*Work instructions*: What follows is a set of entries. Repeat them exactly, but not their pictures.

......

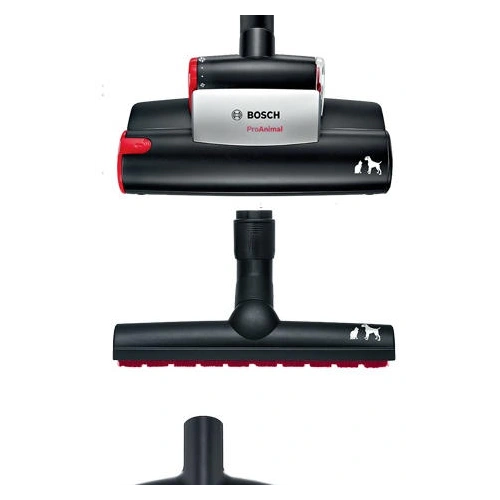 Пылесос Bosch BGS 5ZOOO1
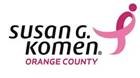 Susan G. Komen® Orange County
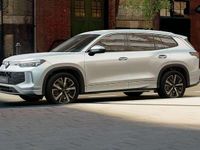 Gebraucht VW Tayron Life 150 PS (110 kW) 2025 Silber SUV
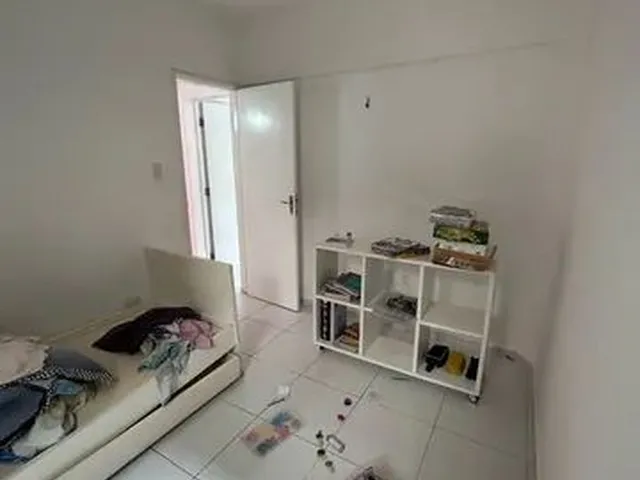 Imagem 15: Apt Térreo Ed. las Brisas Bequimão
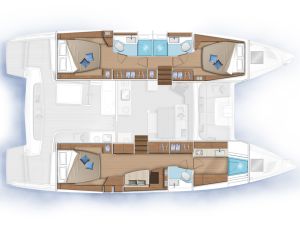 Lagoon 46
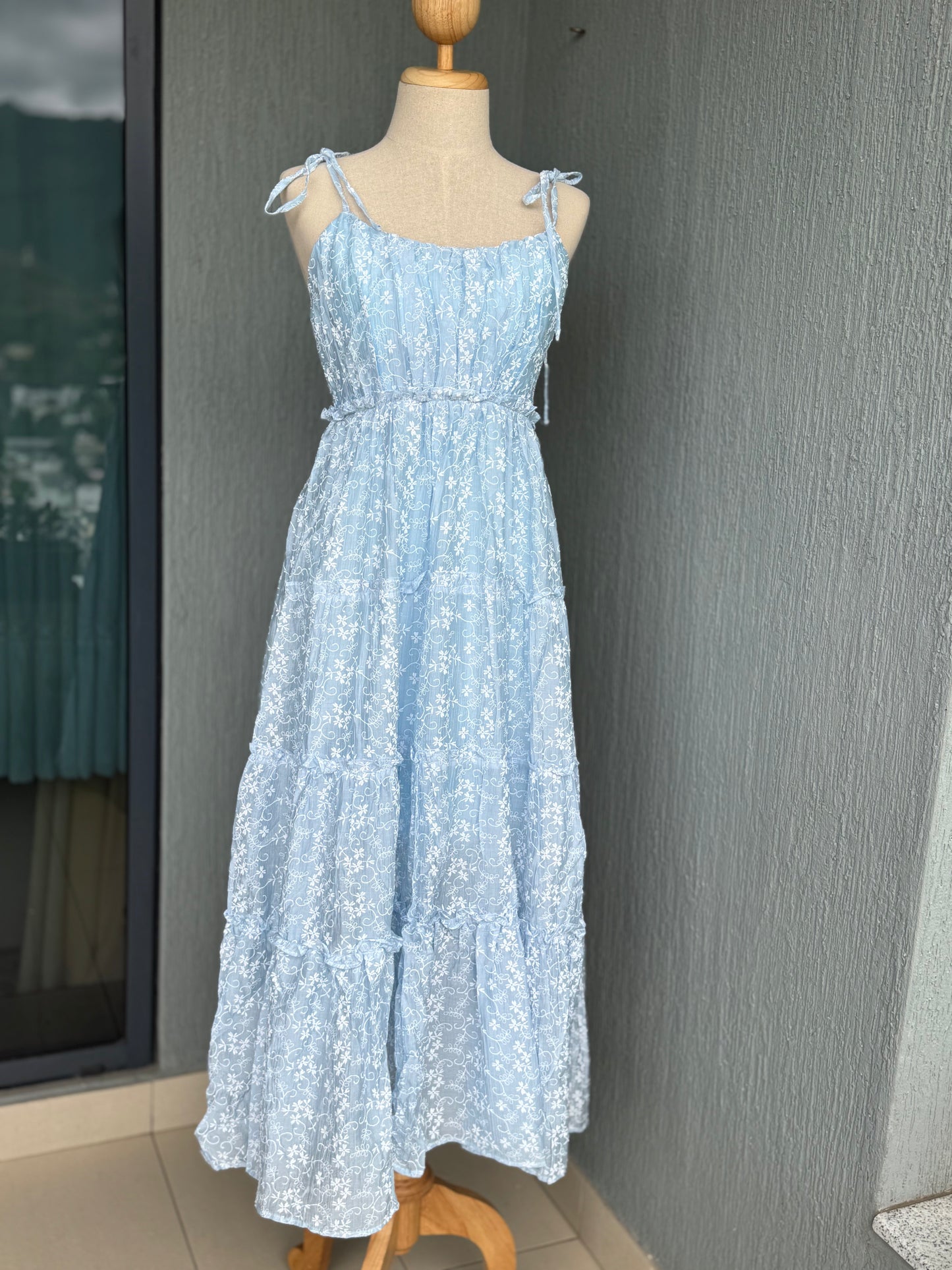 VALERIE DRESS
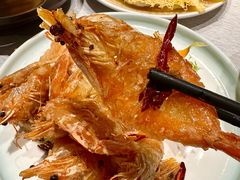 -师味葱扒虎头鲤·水席洛阳菜(元华店)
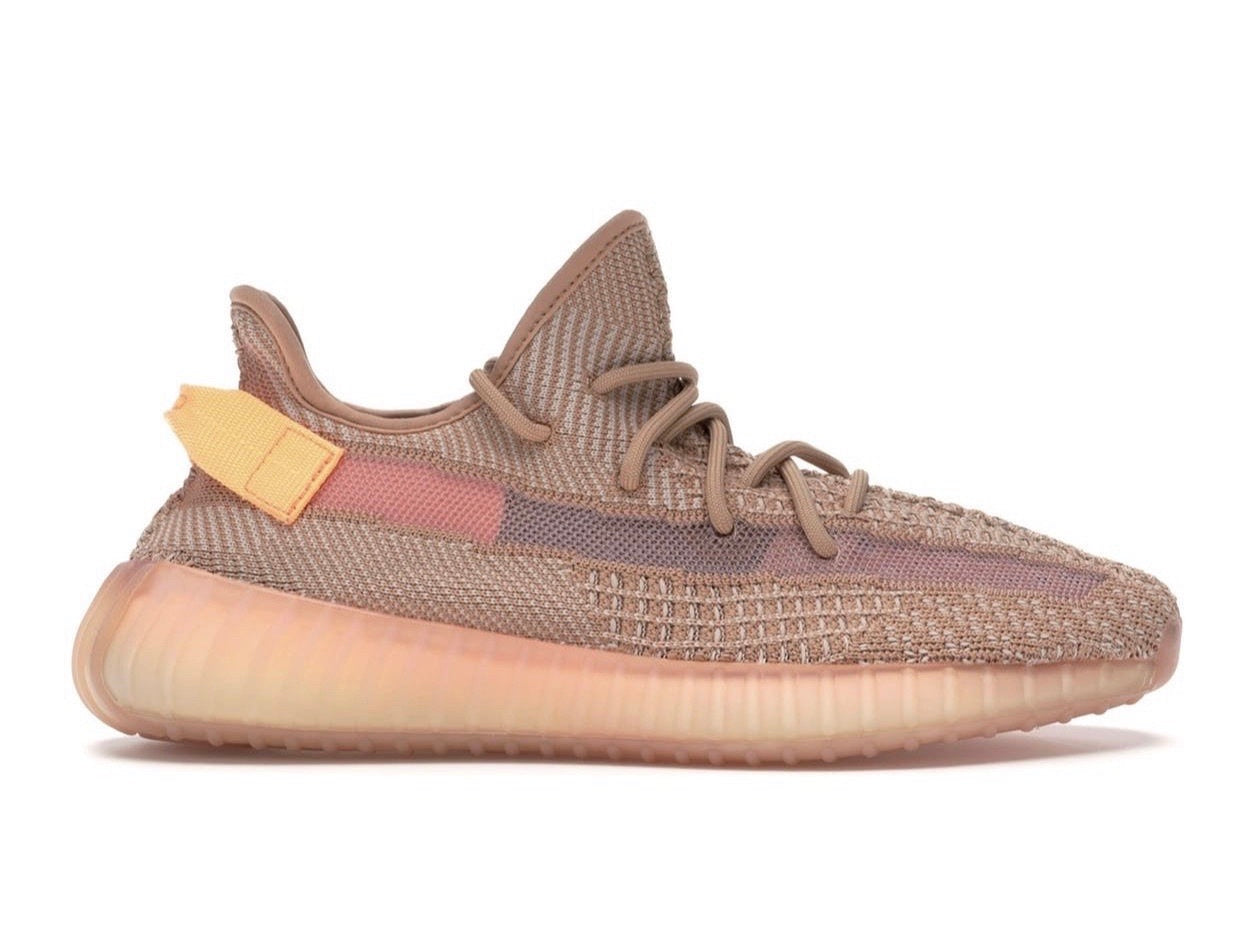 Yeezy 350 v2 “Clay”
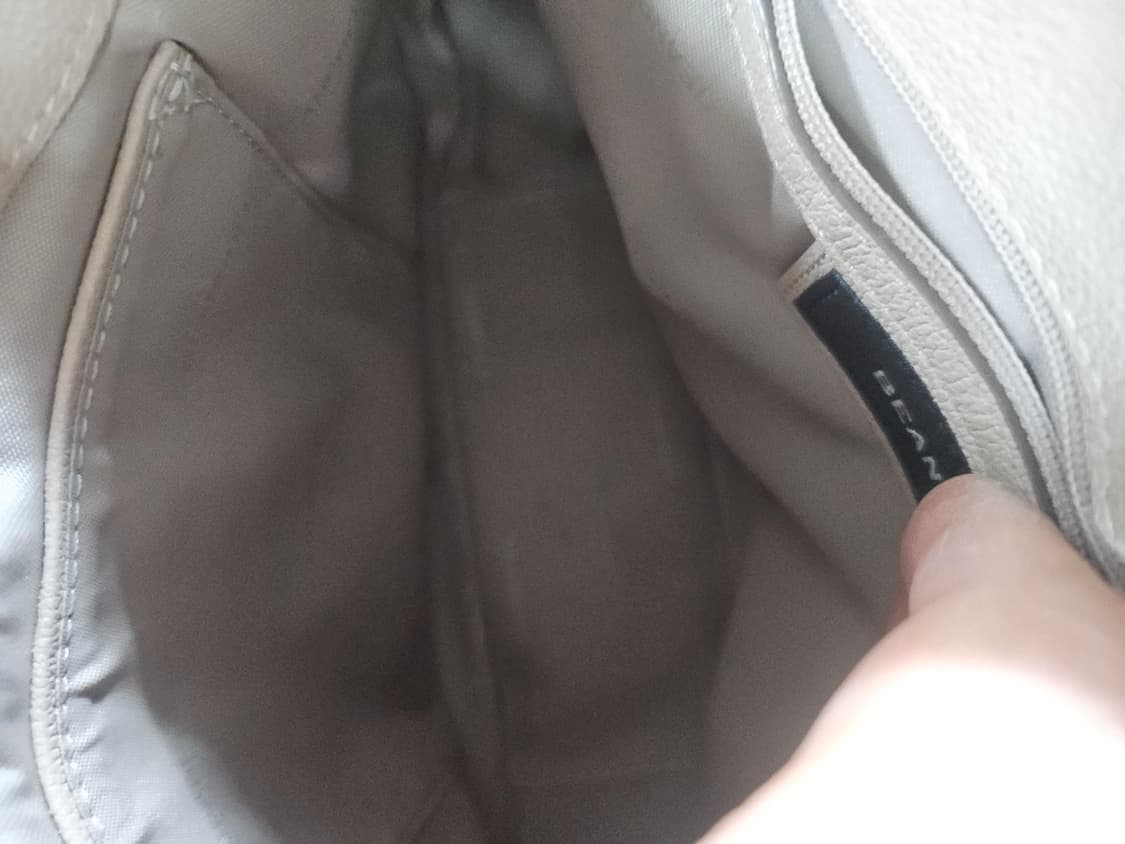 빈폴ACC 제니 미니 숄더백  22 *20 상품이미지7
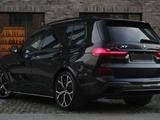 BMW X7 2019 года за 37 500 000 тг. в Алматы – фото 4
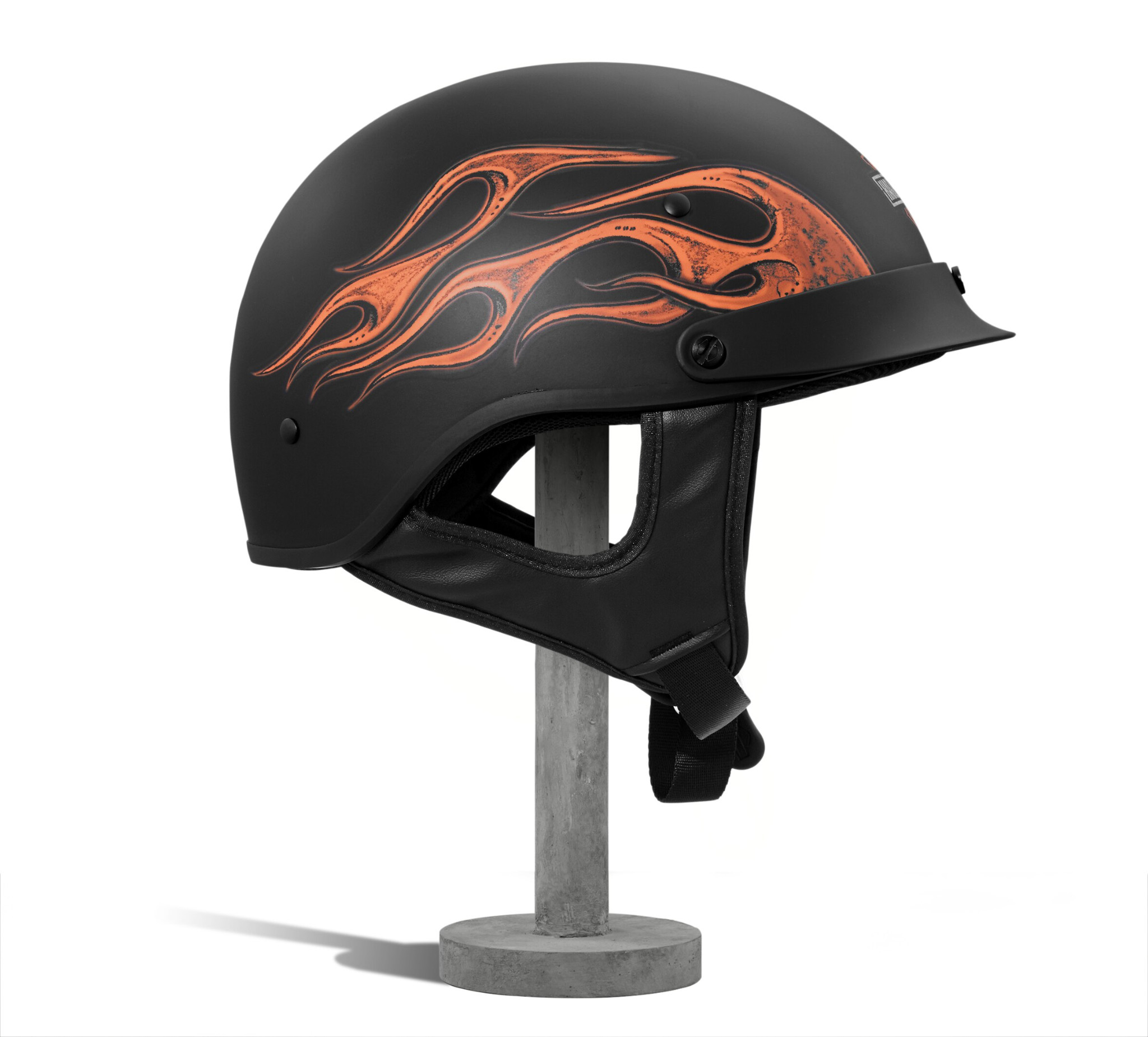 wheeler m04 half helmet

......

*Result of the task*:
 Пылесос Bosch BGS 5ZOOO1
 Susan G. Komen® Orange County
 Gebraucht VW Tayron Life 150 PS (110 kW) 2025 Silber SUV
 Imagem 15: Apt Térreo Ed. las Brisas Bequimão
 Lagoon 46
 VALERIE DRESS
 -师味葱扒虎头鲤·水席洛阳菜(元华店)
 Yeezy 350 v2 “Clay”
 빈폴ACC 제니 미니 숄더백  22 *20 상품이미지7
 BMW X7 2019 года за 37 500 000 тг. в Алматы – фото 4
 wheeler m04 half helmet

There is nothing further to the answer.